In Poser: my life in twenty-three yoga poses, Claire Dederer has much the same attitude, although she mentions it in relation to parenting.

“I judged Lisa and any other mother who came within my range. The next-door neighbors put their kids to bed too early; the people down the street put their kinds to bed too late. The friend who lived near Green Lake was overly fussy about organic baby food; the friend on Queen Anne Hill was not fussy enough. Friend A dressed her baby in designer clothes, which was ridiculous. Friend B let her kids go around looking like slobs. I felt there must be a happy medium to parenting, and I felt that I was the very barometer of that happy medium. Anything that someone else did that I did not do was, to me, excessive and probably crazy…”

 

It always feels so good when I discover that I’m not the sole member of ‘The Just Right Club.’ It’s nice to know there are others.

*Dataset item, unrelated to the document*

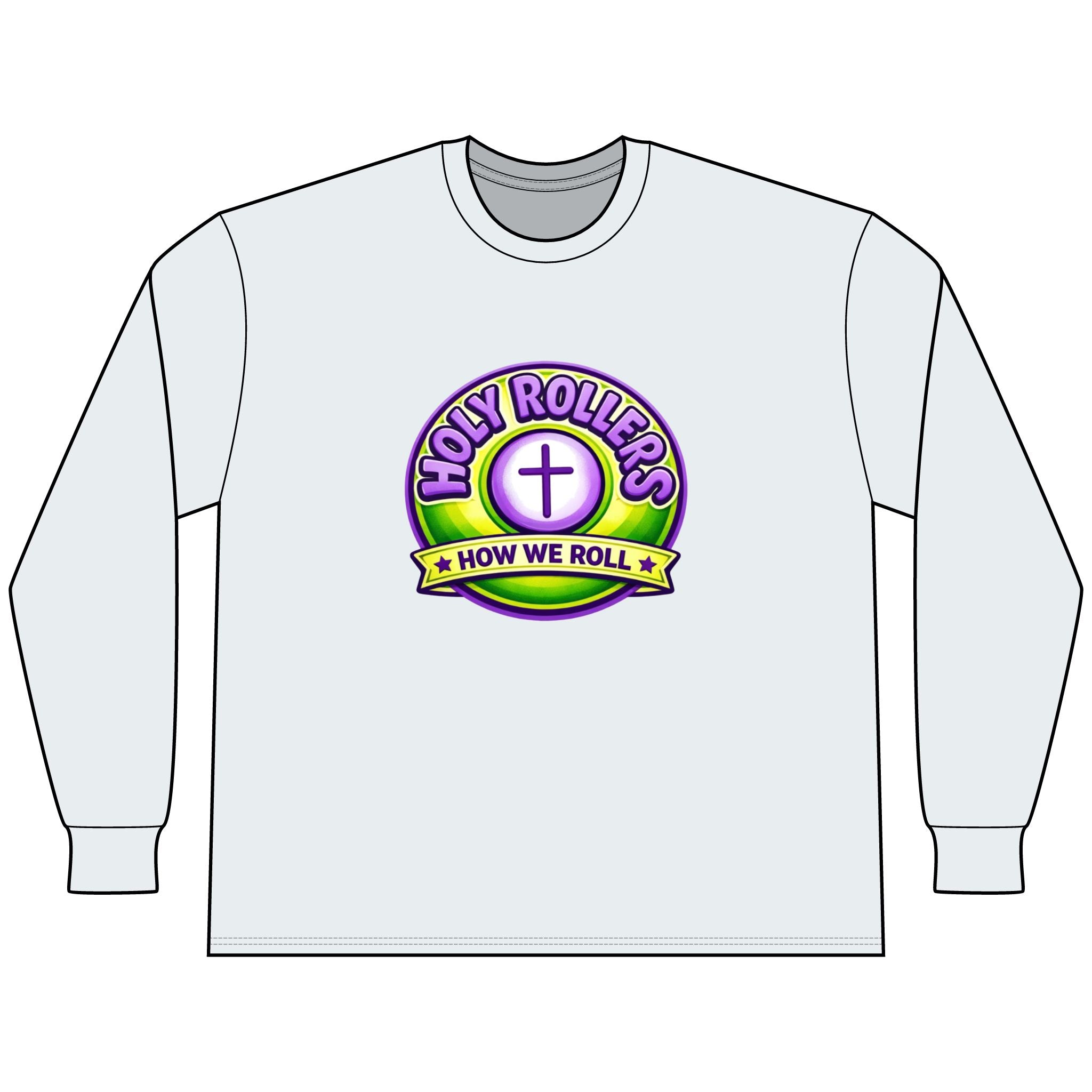 Holy Rollers Christian apparel: Faith Over Fear Long Sleeve Tee — "How We Roll" Holy Rollers Christian Shirt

The driver speeding along in the fast lane is probably griping about what a pokey, slow driver I am. Because their speed is just right. The one watching me approach in their rear-view mirror is probably calling me names, for being such a speedy, out of control driver. Because their speed is just right.

There’s so many place we can look at our lives and see where Claire Dederer’s “very barometer of that happy medium” comes into play. Saving money. Spending money. The foods we choose to eat – or not eat. The amount of fast food we eat – or don’t eat. The amount and way we exercise. Or don’t. The kinds of cars we drive. The kinds of houses we live in. The number of children we have – or don’t have. The way we treat our parents. The way we treat our friends. The way we treat our grandchildren. The animals we have – or don’t have. Oh, the list appears to be endless.

This is most likely a lesson I’m going to have to work on for a bit. After all, I have an attitude to correct that’s taken me 59-years to get set in place. But that’s alright. Because one thing is clear – tonight I’m going to bed knowing that I’m just the right age!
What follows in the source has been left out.